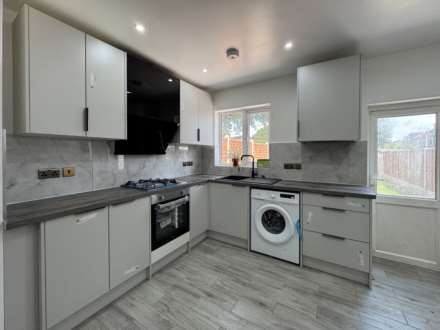 Wellington Road, East Ham, E6, Image 2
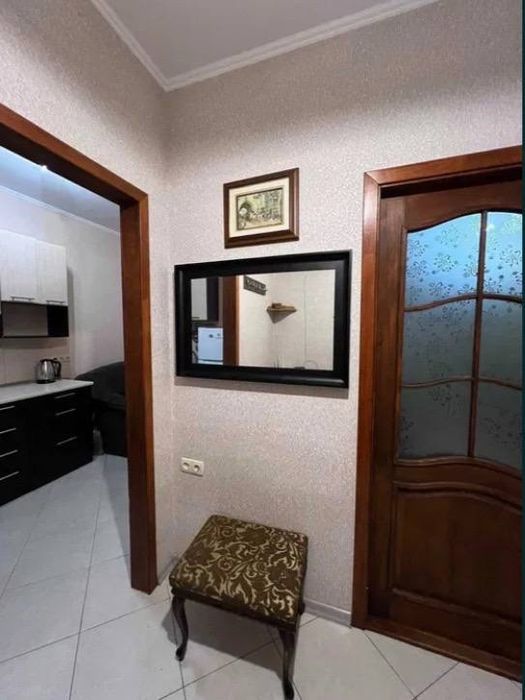 Посуточно квартира, СитиЦентр, пр-т Небесной Сотни, Киевский Р-н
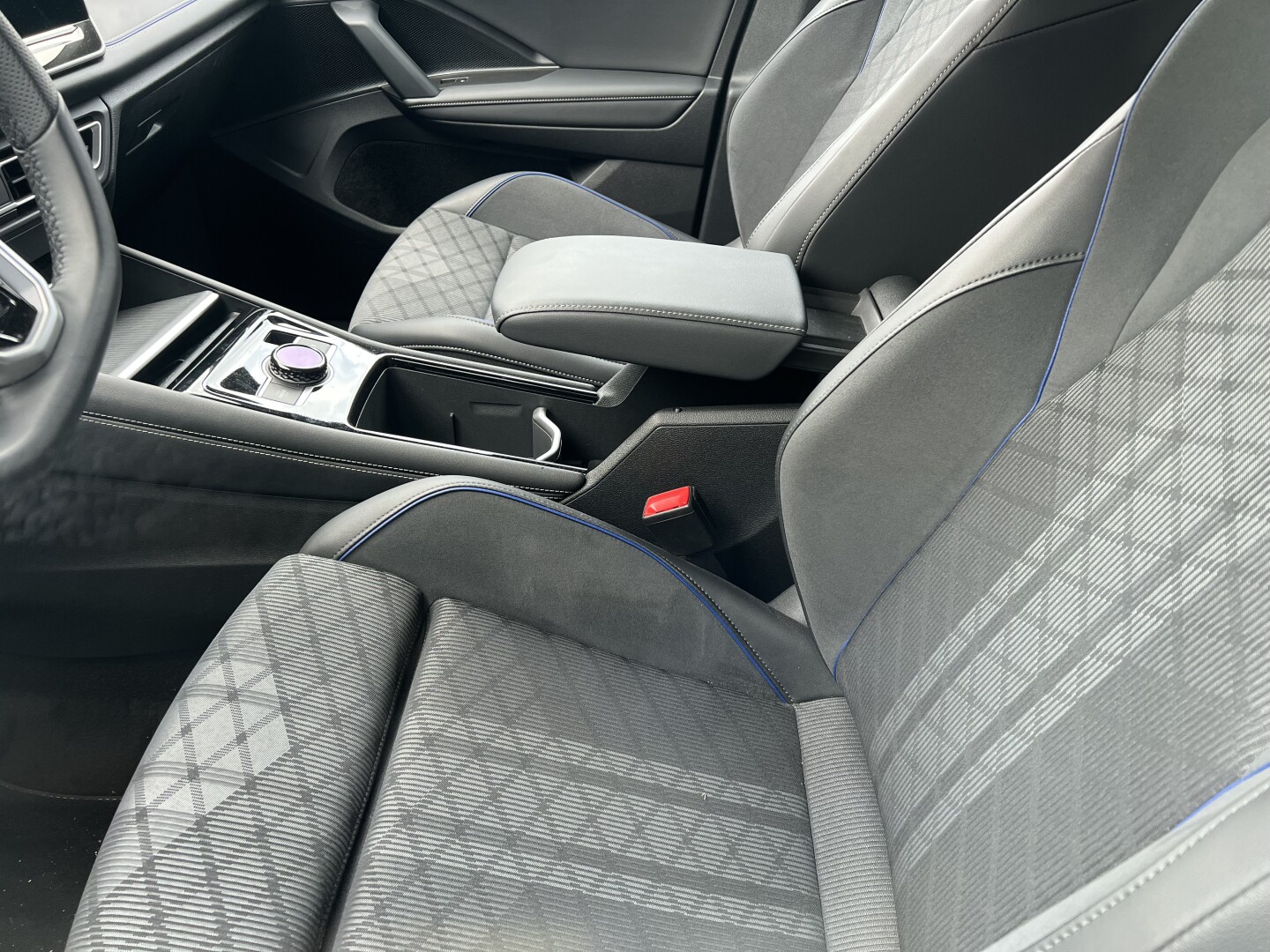 VW Tiguan 1.5e Hybrid 272PS R-Line DSG Black З Німеччини (127784)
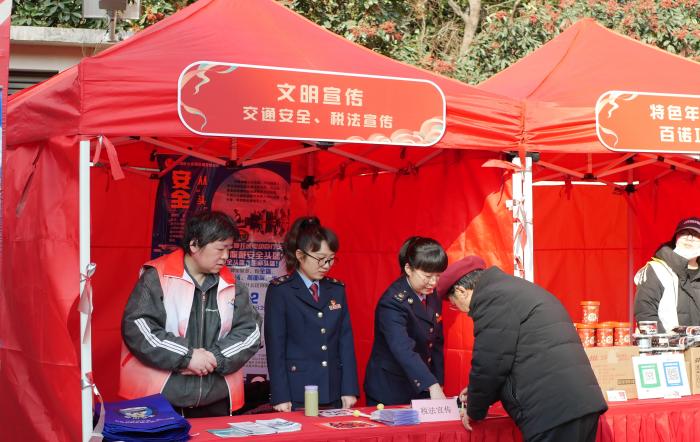 新春送福進市集 志願服務暖民心——寶山區稅務局“稅小寶”志願服務隊參與“志願同行 聚力迎新”春節文明公益市集活動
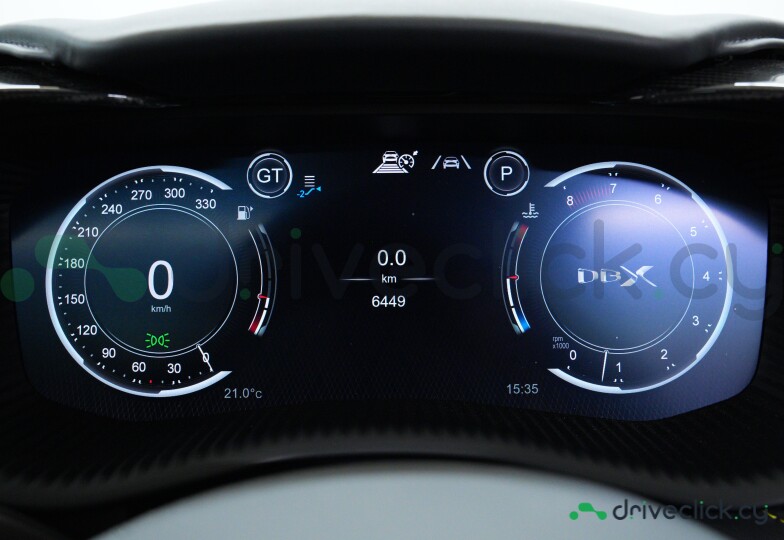 Aston Martin DBX Black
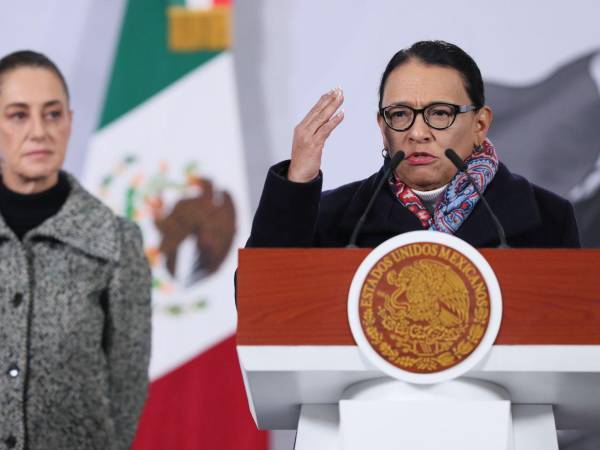 La secretaria de Gobernación, Rosa Icela Rodríguez /d), habla durante una rueda de prensa de la presidenta de México, Claudia Sheinbaum, en Palacio Nacional de la Ciudad de México (México).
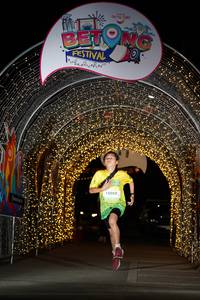 BIB: 10008
                            <button type="button" onclick="openModal(21777327)" class="btn btn-primary btn-sm float-right btn-popup" data-toggle="modal" data-target=".modal-high-quality">
                        <i class="fas fa-shopping-cart"></i> Add to Cart
                    </button>
                                            <button type="button" onclick="isThisMe(21777327, true)" class="btn btn-success btn-sm float-right btn-popup btn-isme hidden" data-toggle="tooltip" data-placement="bottom" title="นี่คือรูปของคุณใช่ไหม คลิกที่นี่เพื่อเอาเข้าอัลบั้ม">
                        <i class="fas fa-plus"></i> Add to album
                    </button>
                    <button type="button" onclick="isThisMe(21777327, false)" class="btn btn-warning btn-sm float-right btn-popup btn-isnotme hidden">
                        <i class="fas fa-ban"></i> Remove from album
                    </button>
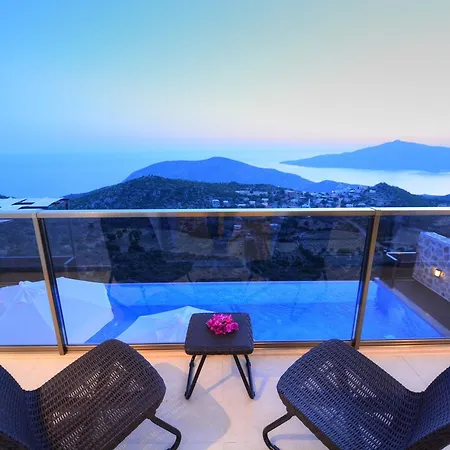 Regal Villa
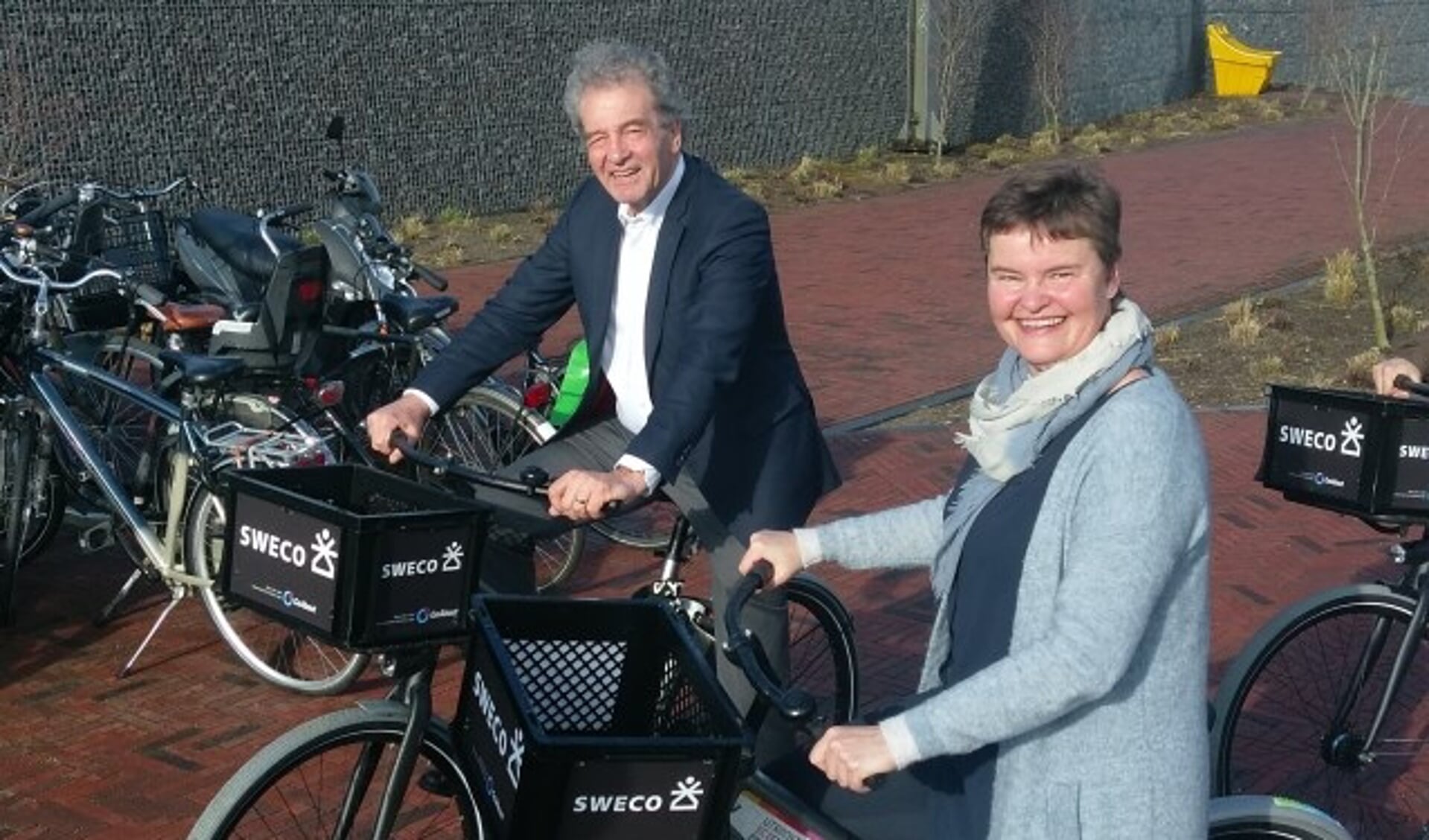 Wethouder Anne Brommersma (Duurzaamheid) en wethouder Ebbe Rost van Tonningen (Verkeer) maakten de eerste rit op de Utrecht Science Park Campusbikes.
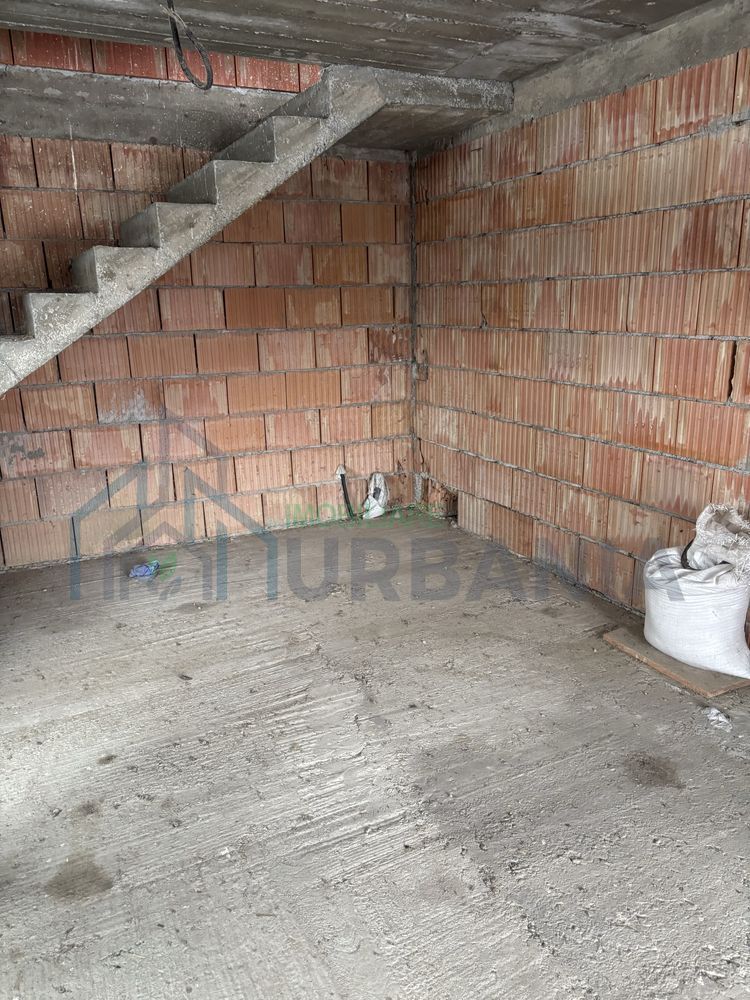 Casă la Roșu plus teren 2500 mp - Poză 8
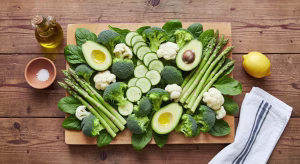 Vegetales frescos bajos en carbohidratos para dieta keto sobre mesa de madera rústica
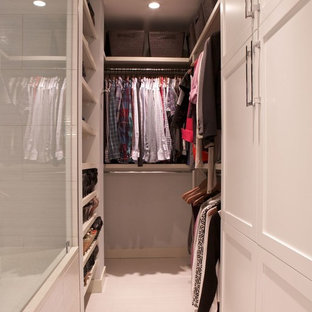 Foto de armario vestidor unisex, contemporáneo, pequeño, con armarios estilo shaker, puertas de armario blancas y suelo de baldosas de porcelana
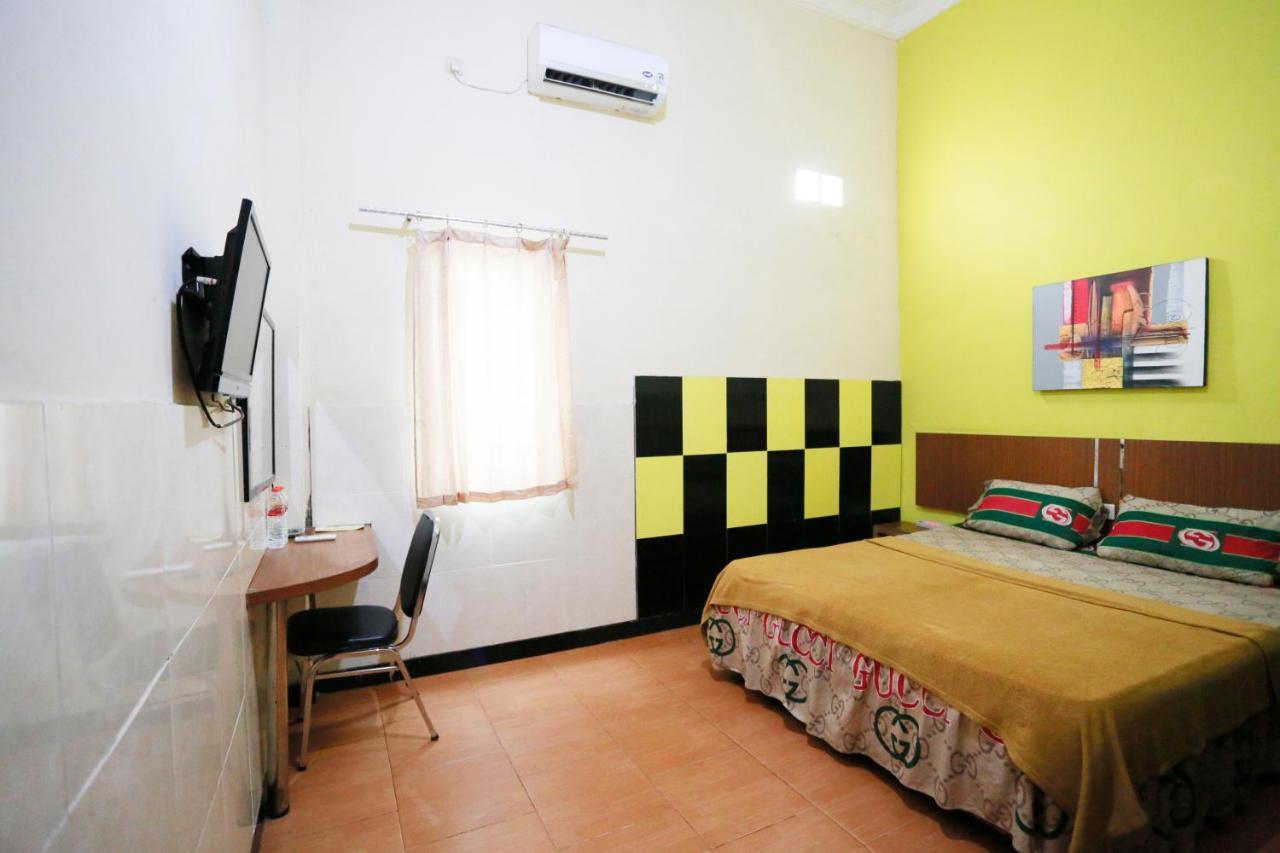 Olive Guest House Bumi Mas Raya Banjarmasin (South Kalimantan) Exterior foto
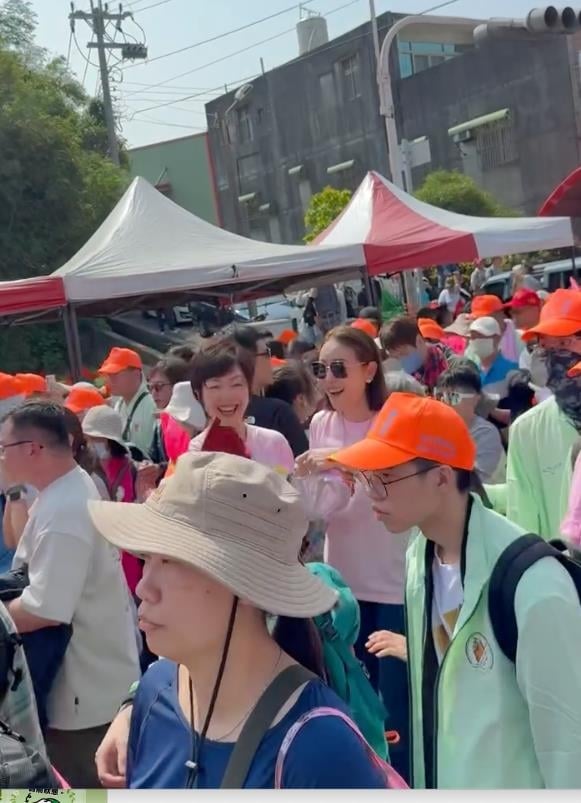 捕獲野生101董座！賈永婕現身白沙屯「鑽轎底」成功興奮尖叫：我好幸運！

PROBLEM REQUIREMENTS. Write out, exactly and with nothing added, every line from the one that holds "Regal Villa" to the end of the entries above; pictures stay out.

REPLY.
 Regal Villa
 Wethouder Anne Brommersma (Duurzaamheid) en wethouder Ebbe Rost van Tonningen (Verkeer) maakten de eerste rit op de Utrecht Science Park Campusbikes.
 Casă la Roșu plus teren 2500 mp - Poză 8
 Vegetales frescos bajos en carbohidratos para dieta keto sobre mesa de madera rústica
 Foto de armario vestidor unisex, contemporáneo, pequeño, con armarios estilo shaker, puertas de armario blancas y suelo de baldosas de porcelana
 Olive Guest House Bumi Mas Raya Banjarmasin (South Kalimantan) Exterior foto
 捕獲野生101董座！賈永婕現身白沙屯「鑽轎底」成功興奮尖叫：我好幸運！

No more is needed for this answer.